GROMACS Tutorial 1 - Water

In this introductory tutorial, I’ll show you how to create a box of water and run a simple simulation on it with constant temperature and pressure. At the end we’ll find out the density of water.

Setup

Every GROMACS simulations needs three essential files: structure (.gro/.pdb), topology (.top), and parameters (.mdp). The structure file contains the Cartesian coordinates of every atomic site in the system. The topology file contains information on how each atomic site interacts with other atomic sites, whether that is in non-bonded interactions or bonded interactions. This information is provided by the force field. Non-bonded interactions included van der Waals interactions and Coulomb interactions. Bonded interactions include bonds, angles, and dihedrals. The parameters file includes information on how long to run the simulation, the timestep, temperature and pressure coupling, etc. Below we’ll obtain / create these files.

At this point I would suggest creating a directory to store files for this tutorial.

Topology file

We’ll start with the topology file. Typically a topology file uses an #include statement to include the force field to be used. This force field includes [ atomtypes ], [ bondtypes ], [ angletypes ], and [ dihedraltypes ] directives. Then in the topology file usually we specify different [ moleculetype ] directives which contain [ atoms ], [ bonds ], and [ dihedrals ] which refer back to the force field. Don’t worry about this too much right now. Water models include all of these for us. See Chapter 5 of the reference manual for more information.

Create a file named topol.top with the following text:

#include "oplsaa.ff/forcefield.itp"
#include "oplsaa.ff/tip4pew.itp"

[ System ]
TIP4PEW

[ Molecules ] 

As you can see we’ve included the force field for OPLS-AA. Additionally we’ve included the TIP4PEW water model. After this you’ll see a [ System ] directive, which includes just the name of the system, which can be anything you want. Lastly, we list out each moleculetype and how many there are under [ Molecules ]. Right now we don’t have any (we’ll get those in a minute).

Structure file

The structure of TIP4PEW is already provided by GROMACS in the topology directory. This standard location is typically /usr/share/gromacs/top, but you my have it installed in a different directory. If you are properly sourcing GMXRC then it will be located at $GMXDATA/top. In that directory you’ll see several .gro files, one of which is tip4p.gro. You’ll also see the folder oplsaa.ff which we’ve included in our topology file above. There isn’t a structure file specific to TIP4PEW. Four-point water structure is essentially the same for TIP4P and TIP4PEW. What makes them different is the force field parameters.

To create a box of water using that structure file do:

$ gmx solvate -cs tip4p -o conf.gro -box 2.3 2.3 2.3 -p topol.top

If you open back up topol.top you’ll see that a line has been added at the end with the word SOL and number. SOL is the name of the moleculetype that is defined in oplsaa.ff/tip4pew.itp. When we ran gmx solvate, GROMACS added enough water molecules to fill a box 2.3 nm in each direction.

Parameter files

Now we need a set of parameter files so that GROMACS knows what to do with our starting structure. Simulations almost always have three main parts: minimization, equilibration, and production. Minimization and equilibration can be broken down into multiple steps. Each of these needs it’s own parameters file. In this case we’ll be doing two minimizations, two equilibrations, and one production run.

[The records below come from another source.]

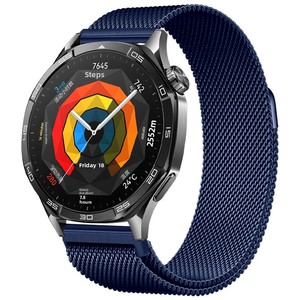 Cinturino Magnetico in Metallo Milanese Trendybay 18mm 20mm 22mm Compatibile con Huawei Watch GT Series e Samsung <span class=keywords><strong>Galaxy</strong></span> Smart Watch - Product Image 1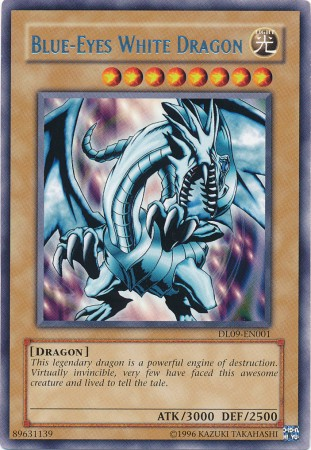 Blue-Eyes White Dragon (Silver) [DL09-EN001] Rare - Yu-Gi-Oh! - Card Brawlers | Quebec | Canada |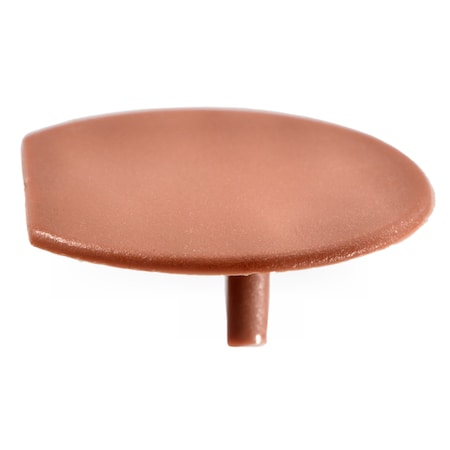 Midwest Fastener Screw Cap, 24 mm Dia, Cinnamon, Plastic 15 PK 38632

The files we’ll be using should be downloaded from here.

There will be a few things common to all five of our files. In each description, I only give a very small comment. See the GROMACS page on this for more information on each option.

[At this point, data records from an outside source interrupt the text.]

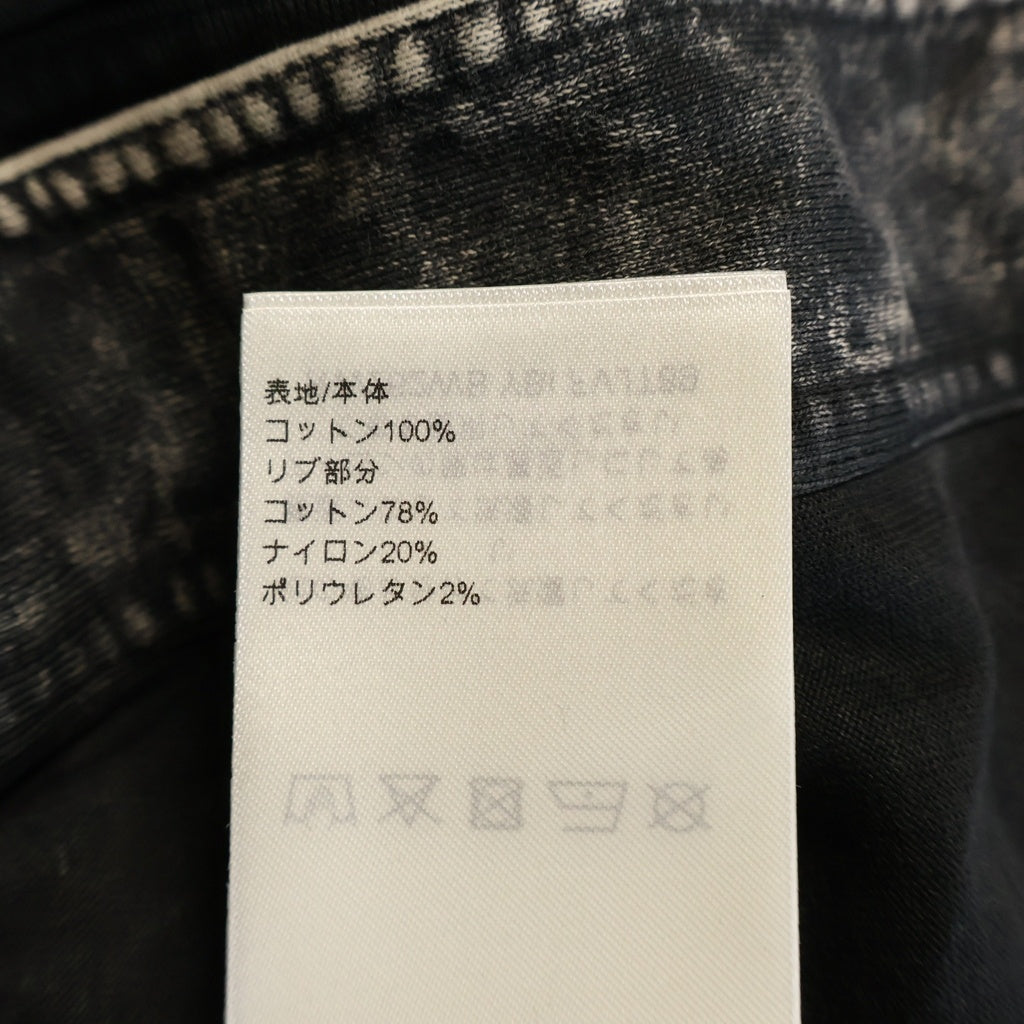 LOUIS VUITTON(ルイヴィトン) 26AW Denim Patchwork T-Shirt デニムパッチワーク 半袖Tシャツ カットソー レディース ブラック 1AKXKM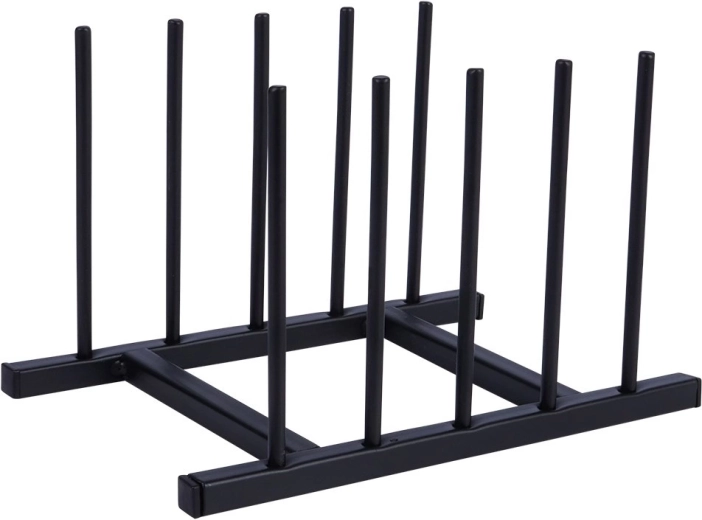 Construcție metalică durabilă, în culoare neagră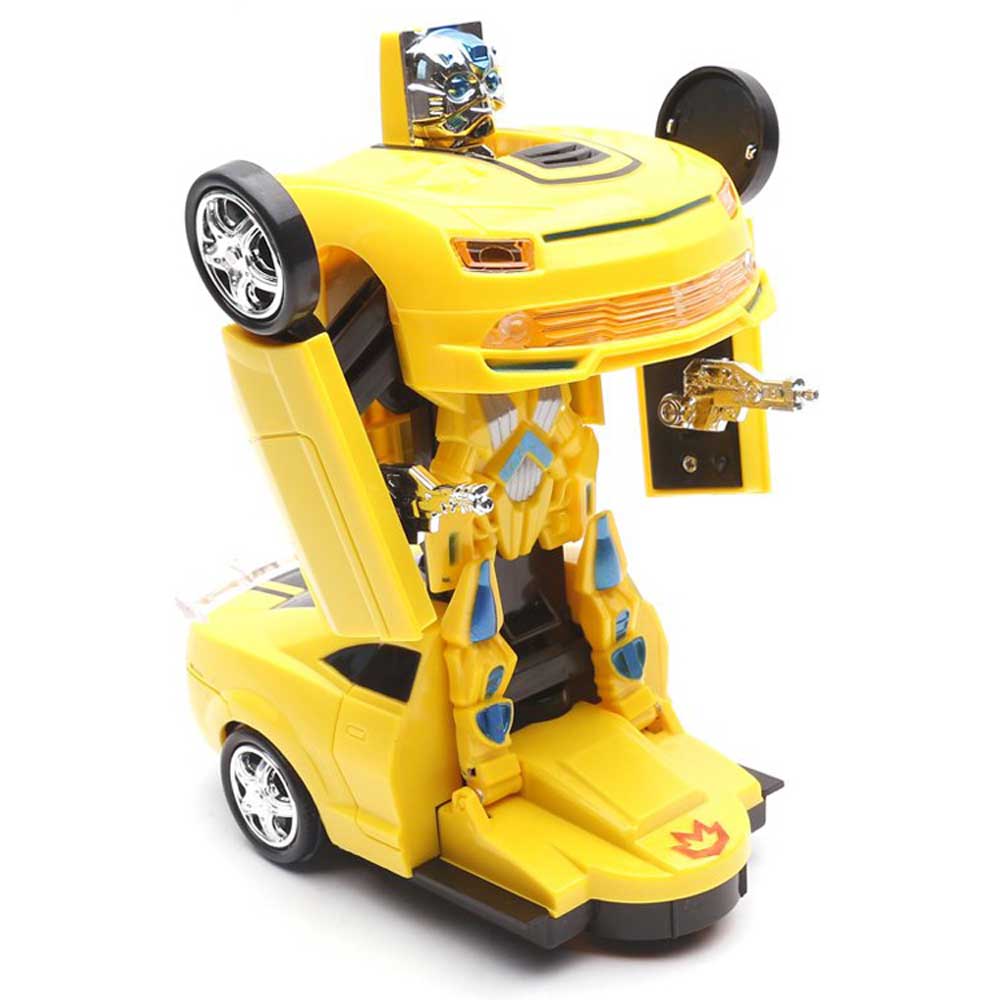 Đồ chơi xe robot biến hình dùng pin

parameter value explanation
cutoff-scheme Verlet Use in creating neighbor lists. This is now the default, but we provide it here in order to avoid any notes.
coulombtype PME Use Particle-Mesh Ewald for long-range (k-space) electrostatics.
rcoulomb 1.0 Cut-off for real/k-space for PME (nm).
vdwtype Cut-off van der Walls forces cut-off at rvdw.
rvdw 1.0 Cut-off for VDW (nm).
DispCorr EnerPress Long-range correction for VDW for both energy and pressure.

Cut-off distances should be set keeping in mind how the force field was parameterized. In other words, its a good idea to look at the journal article that describes how the force field was created. We’ve chosen 1.0 nm for our cut-offs here, which is common enough for OPLS, but you may determine for your system to choose something else.

Additionally in each part we’ll also be outputting an energy file, a log file, and a compressed trajectory file. The rate of output (in simulation steps) for these is set using nstenergy, nstlog, and nstxout-compressed, respectively. We’ll output more information in the production run.

For each part, except for the second minimization, we’ll also be constraining all bonds involving a hydrogen using the LINCS algorithm by setting constraint-algorithm = lincs and constraints = h-bonds. This allows us to use a larger time step than otherwise.

For the first minimization we use the steepest descents algorithm by setting integrator = steep to minimize the energy of the system with a maximum of 1,000 steps (nsteps = 1000). The minimization will stop if the energy converges before then. Additionally we have define = -DFLEXIBLE. This lets GROMACS know to use flexible water, since by default all water models are rigid using an algorithm called SETTLE. In the water model’s topology file, which we have includes, there is an if statement that looks for the FLEXIBLE variable to defined. The purpose of this first minimization is to get the molecules in a good starting position so we can turn on SETTLE without any errors.

In the second minimization we are simply removing define = -DFLEXIBLE and increasing the number of maximum steps to 50,000.

The last three parts—the two equilibrations and production—all use the leap-frog integrator by setting integrator = md. Additionally each one will use a 2 fs time step by setting dt = 0.002.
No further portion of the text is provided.